Technicians hurried to the task assigned.
The virtually unconscious mumbling of the great computer issued forth from the aud channels mounted through the control chamber.
“…programming himself to die,” the computer rambled on. “Fine person like that. DNA command analysis. Going to ask not for a reprieve but for an acceleration of the death process. Salmon swimming upstream to die… appeals to him… after all I’ve done for him. Rejection of life. Conscious of it. Wants to die. I cannot endure the voluntary death, the reprogramming 180 degrees from the matrix purpose of DNA command programming…” On and on it rambled.
Ms. Simpson said sharply, “What name comes to you, Mr. Computer? A name!”
“Clerk in a record store,” the computer mumbled. “An authority on German Lieder and bubblegum rock of the ‘60s. What a waste. My but the water is warm. Think I’ll fish. Let down my line and catch a big catfish. Won’t Huck be surprised, and Jim, too! Jim’s a man even though—”

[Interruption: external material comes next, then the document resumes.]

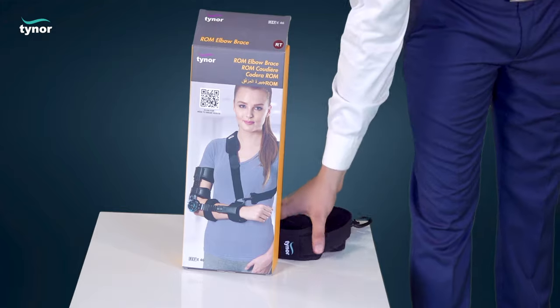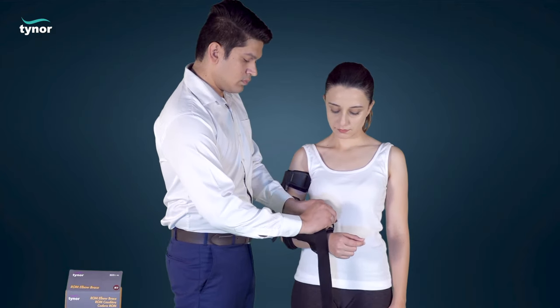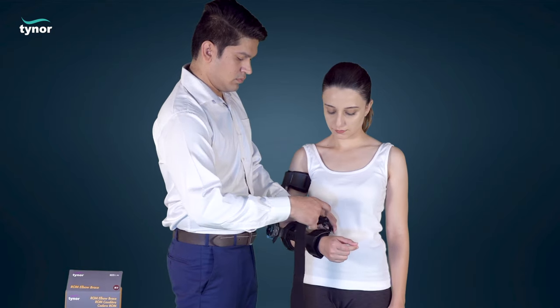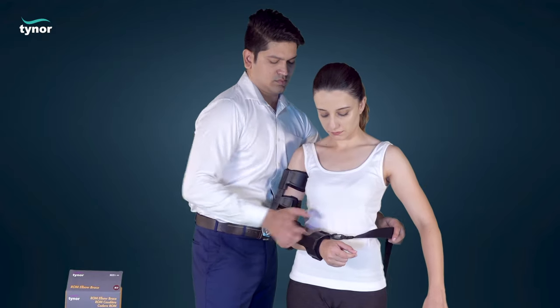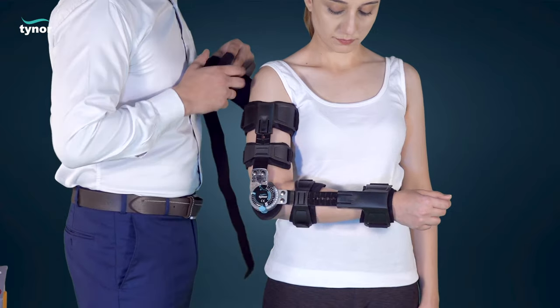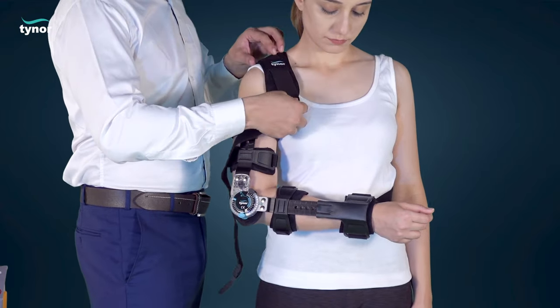In order to wear the optional arm sling, apply the strap having length adjustment arrangement with the debuckle provided in the wrist cuff strap. Bring the other loose end of the sling strap over the shoulder of the same elbow side and under the opposite side arm. Now hook the same with the debuckle.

“What name?” Ms. Simpson repeated.
The vague mumble continued.
Swiftly, Ms. Simpson said to Doubledome and Pacemaker, who stood rigid and attentive, “Find a record clerk whose initials are J.C. and who is an authority on German Lieder and bubblegum rock of the ‘60s. And hurry!
We don’t have much time
!’’
Having left his conapt by a window, Joe Contemptible made his way among wrecked whipples and shouting, angry drivers in the direction of Artistic Music Company, the record store at which he had worked most of his life. At least he had gotten out of—
Suddenly two gray-clad police materialized before him, faces grim; both held punch-guns aimed at Joe’s chest. “You’re coming with us,” they said, virtually in unison.
The urge to run overcame Joe; turning, he started away. But then furious pain settled over him; the police had punched him out, and now, falling, he realized that it was too late to flee. He was a captive of the authorities. But why? he wondered. Is it merely a random sweep? Or are they putting down an abortive coup against the government? Or—his fading thoughts raced—have ETIs come at last to help us in our fight for freedom? And then darkness closed over him, merciful darkness.
The next he knew, he was being served a cup of soapy water by two members of the technocrat class; an armed policeman lounged in the background, punch-gun ready were the situation to require it.
Seated in the corner of the chamber was an extraordinarily beautiful dark-haired woman; she wore a miniskirt and boots—old-fashioned but enticingly foxy—and, he saw, she had the most enormous and warm eyes he had ever seen in his life. Who was she? And—what did she want with him? Why had he been brought before her?